» **Problem description**: For this exercise, retype each line of the material below verbatim and omit any picture.

--- Recorded information ---

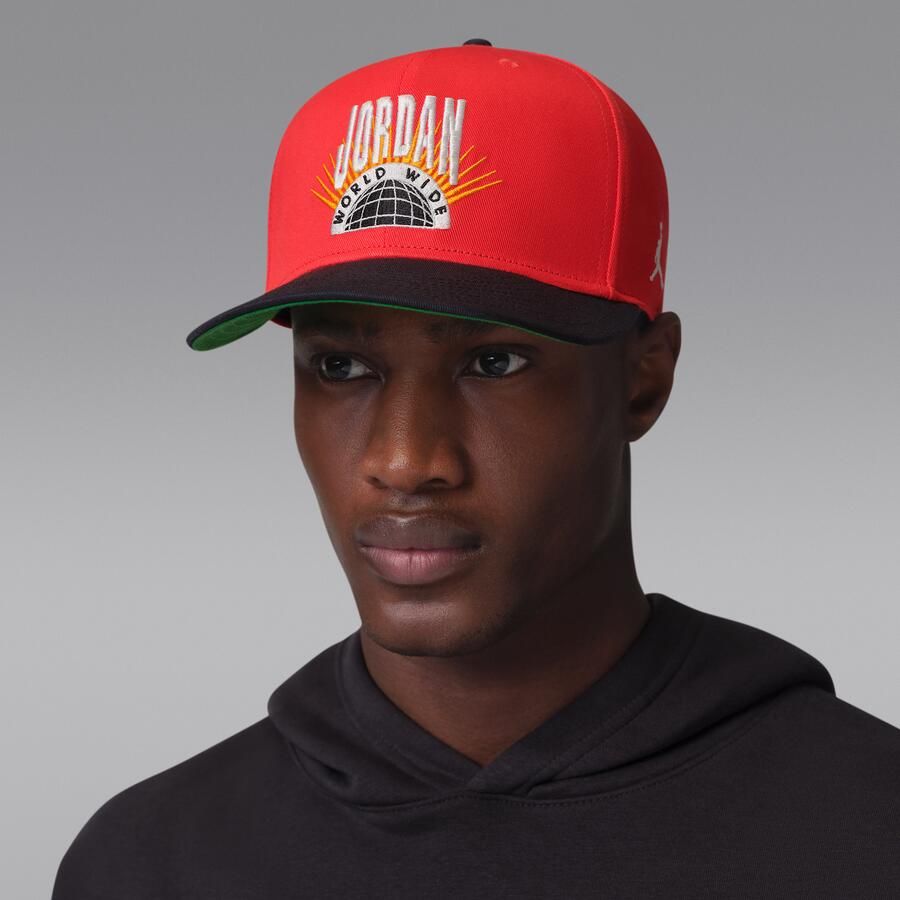 Jordan Essentials Pro gestructureerde pet met platte klep Rood - Foto 4
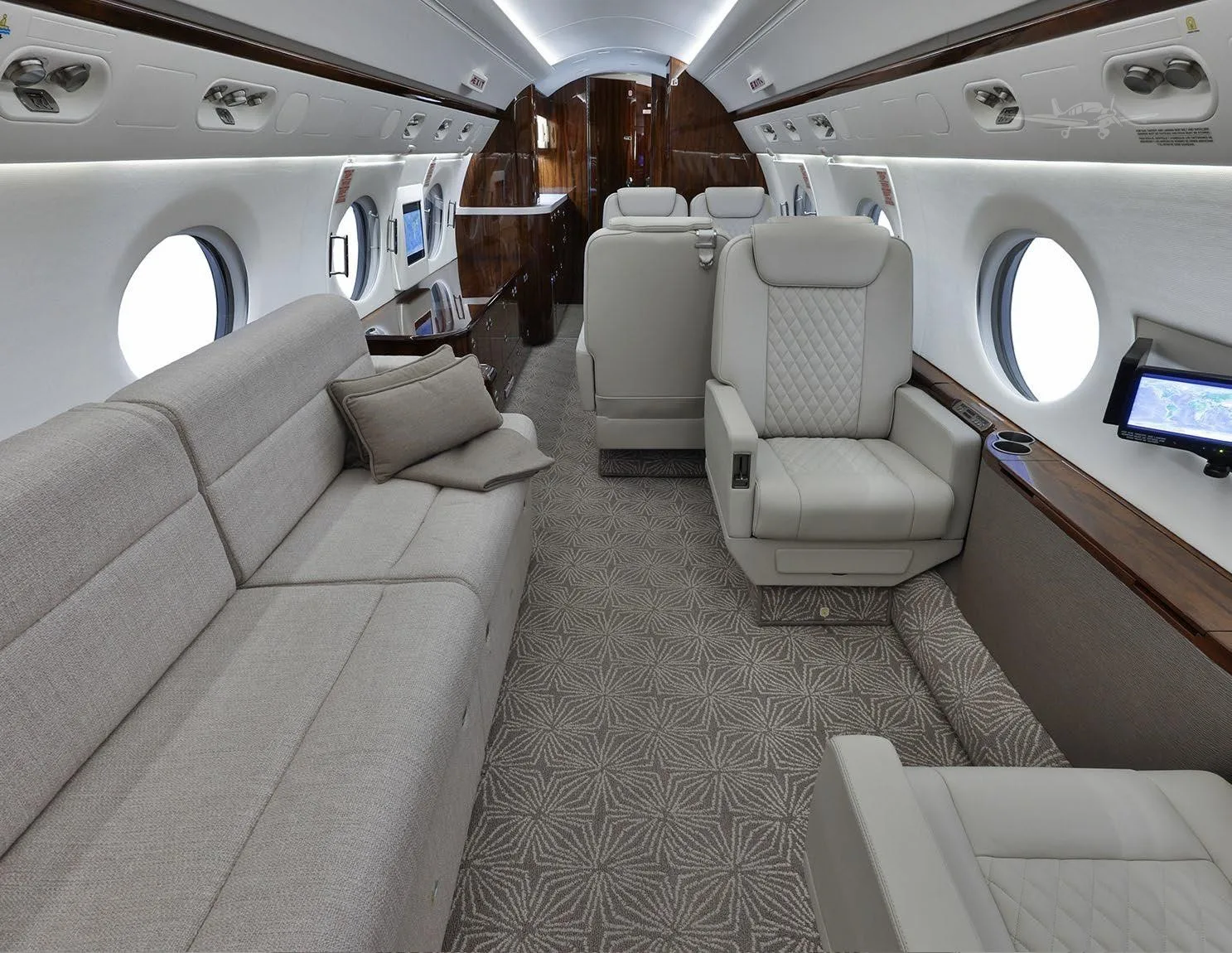Cabin interior of a 2009 GULFSTREAM G450.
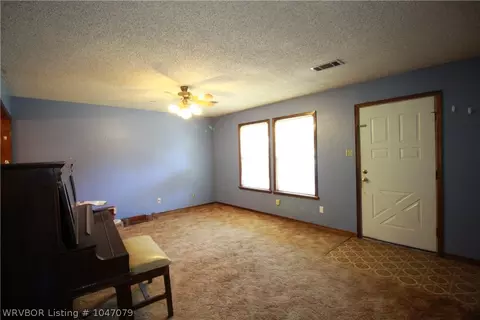 1015 N Aster St, Greenwood, AR 72936 photo 5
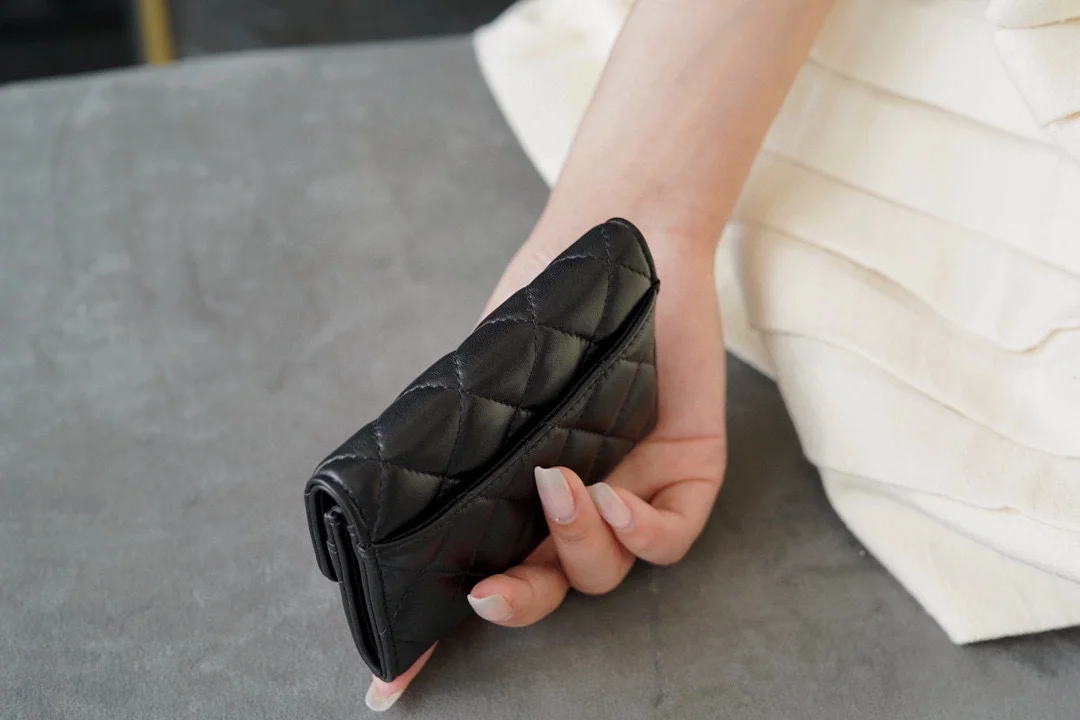 샤넬 클래식 램스킨 카드 월릿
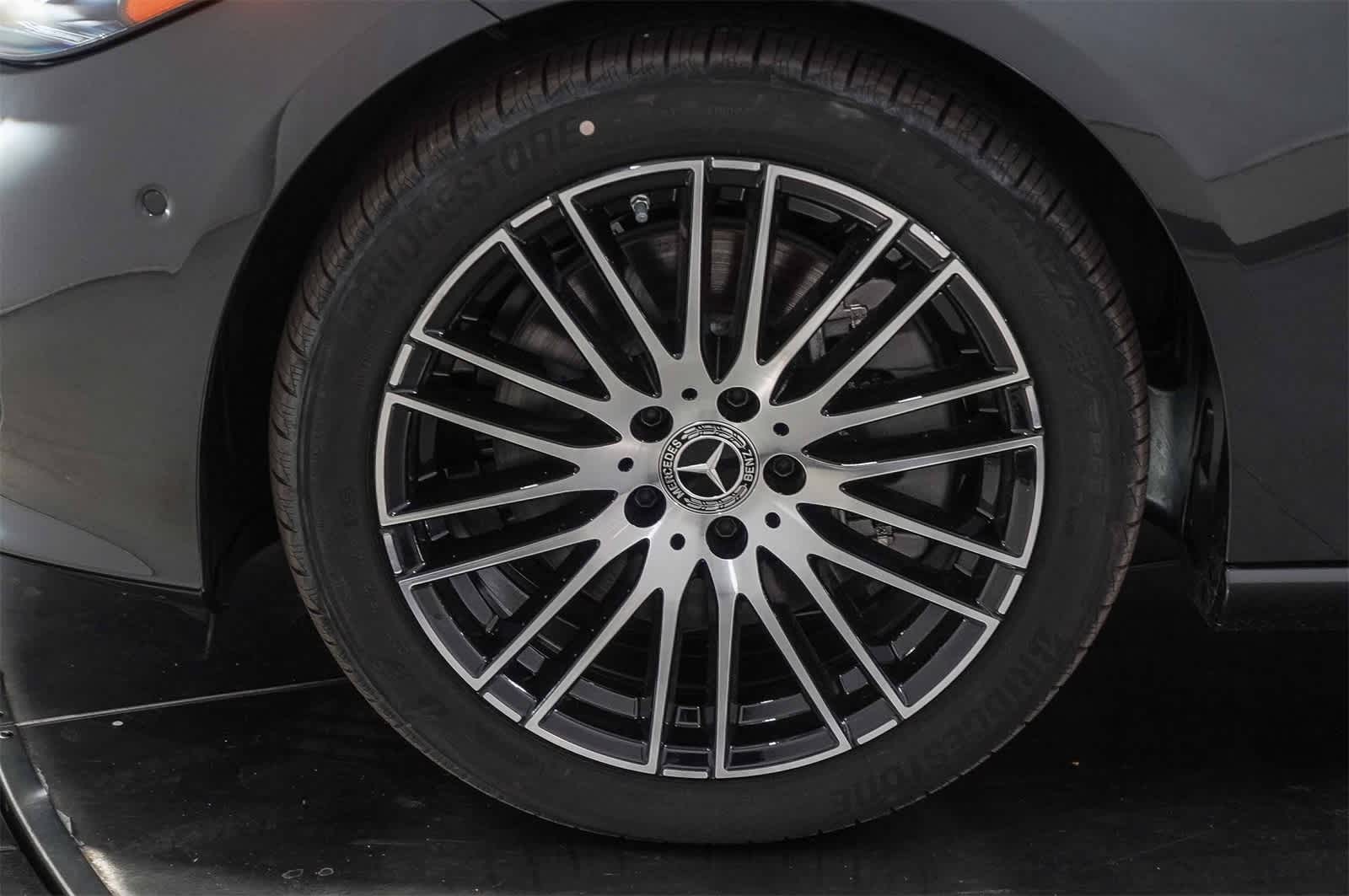 Thumbnail: 2025 Mercedes-Benz C-Class - 10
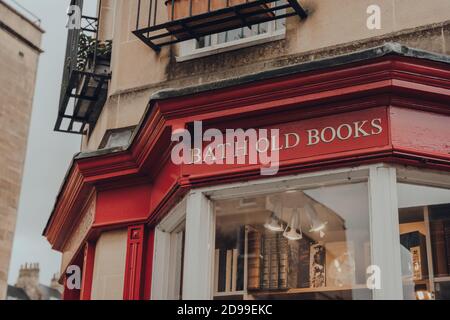 Bath, Großbritannien - 04. Oktober 2020: Schild vor dem Old Books Store in Bath, der größten Stadt in der Grafschaft Somerset, England, bekannt für und benannt nach Stockfoto
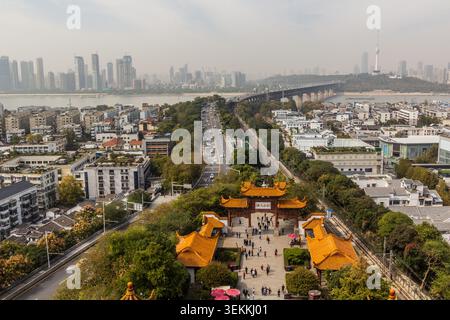 WUHAN, CINA - 31 OTTOBRE 2019: Primo ponte sul fiume Yangzi (Chang Jiang) a Wuhan, provincia di Hubei, Cina Foto Stock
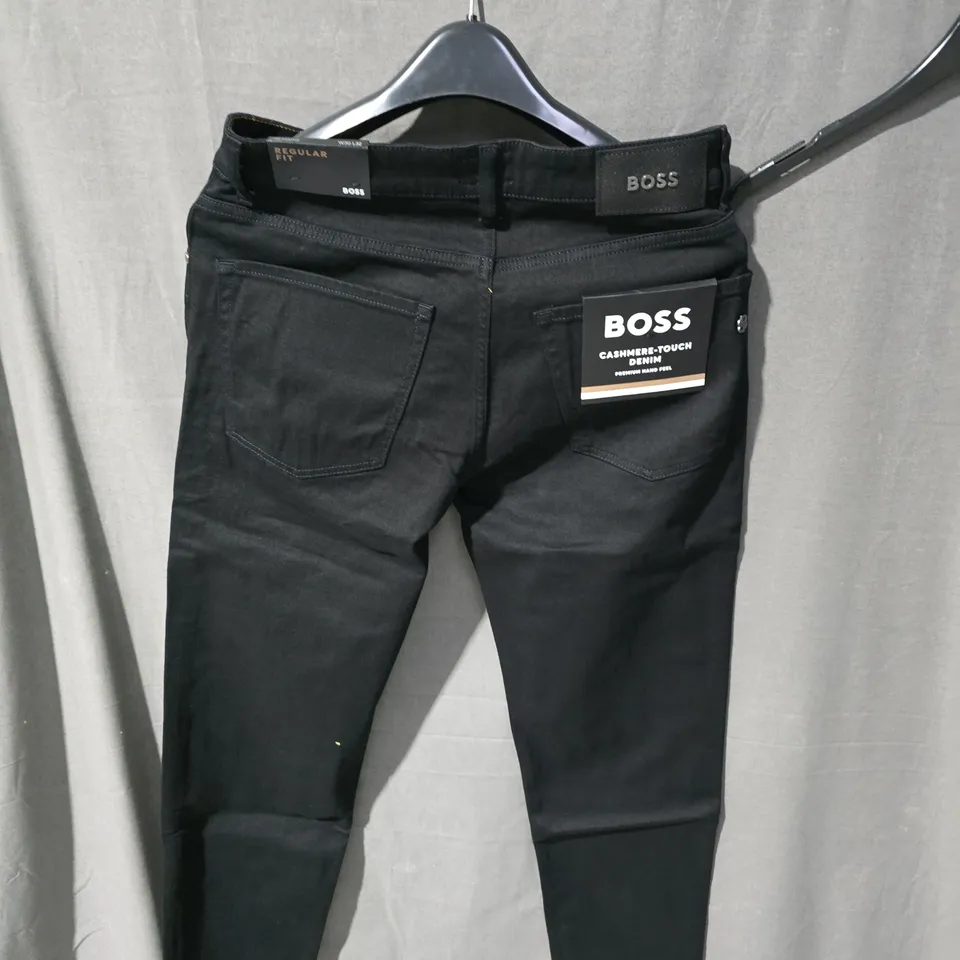 HUGO BOSS JEANS – REGULAR FIT, BLACK DENIM (MEN'S)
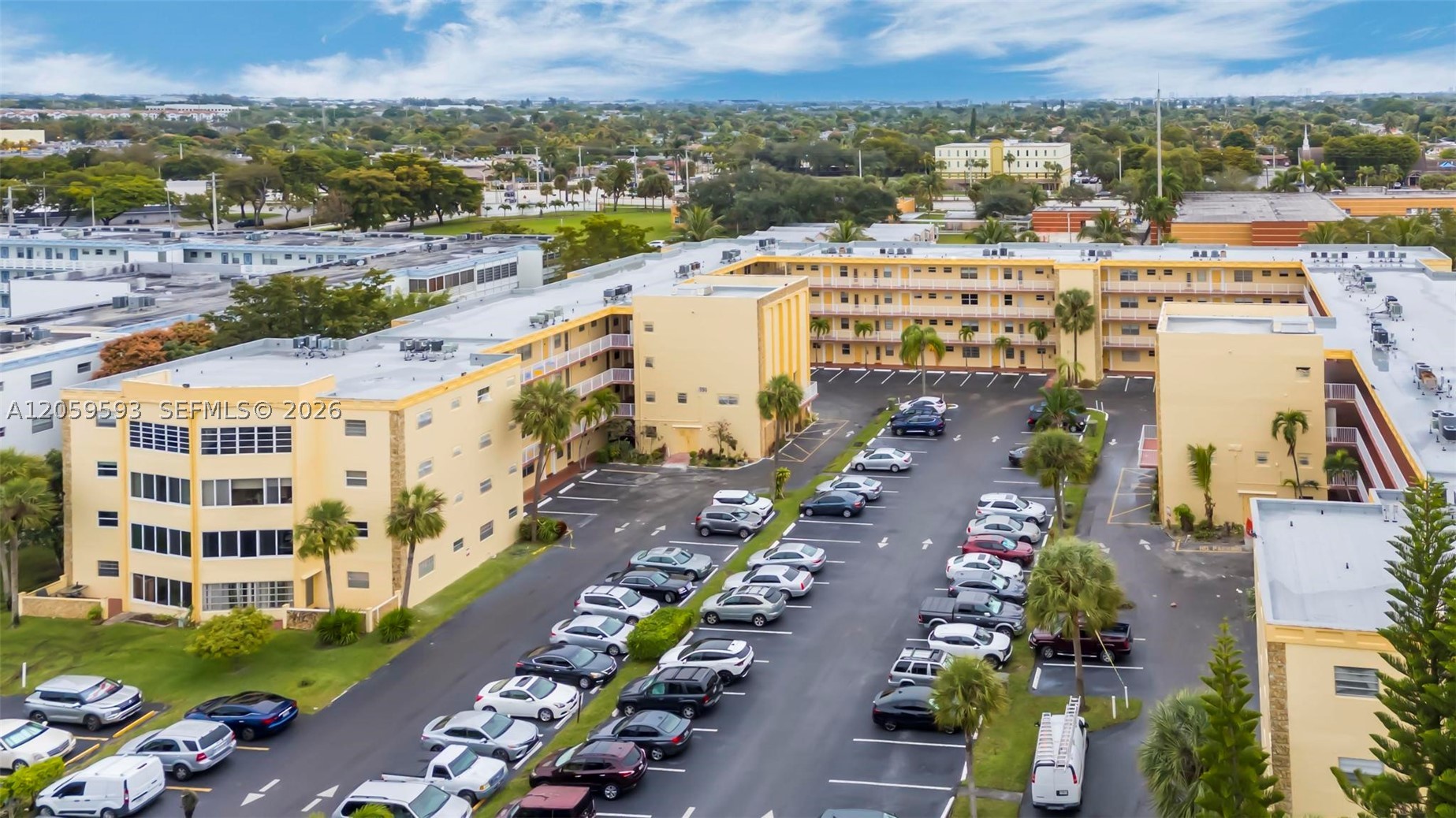 3990 NW 42nd Ave #403, Lauderdale Lakes FL 33319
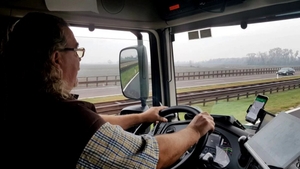 Apelul unui șofer de tir: ”Haideți să o găsim pe Alexandra!” Ce recompensă oferă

---

» **Task response**:
 Jordan Essentials Pro gestructureerde pet met platte klep Rood - Foto 4
Cabin interior of a 2009 GULFSTREAM G450.
 1015 N Aster St, Greenwood, AR 72936 photo 5
 샤넬 클래식 램스킨 카드 월릿
 Thumbnail: 2025 Mercedes-Benz C-Class - 10
 Bath, Großbritannien - 04. Oktober 2020: Schild vor dem Old Books Store in Bath, der größten Stadt in der Grafschaft Somerset, England, bekannt für und benannt nach Stockfoto
 WUHAN, CINA - 31 OTTOBRE 2019: Primo ponte sul fiume Yangzi (Chang Jiang) a Wuhan, provincia di Hubei, Cina Foto Stock
 HUGO BOSS JEANS – REGULAR FIT, BLACK DENIM (MEN'S)
 3990 NW 42nd Ave #403, Lauderdale Lakes FL 33319
 Apelul unui șofer de tir: ”Haideți să o găsim pe Alexandra!” Ce recompensă oferă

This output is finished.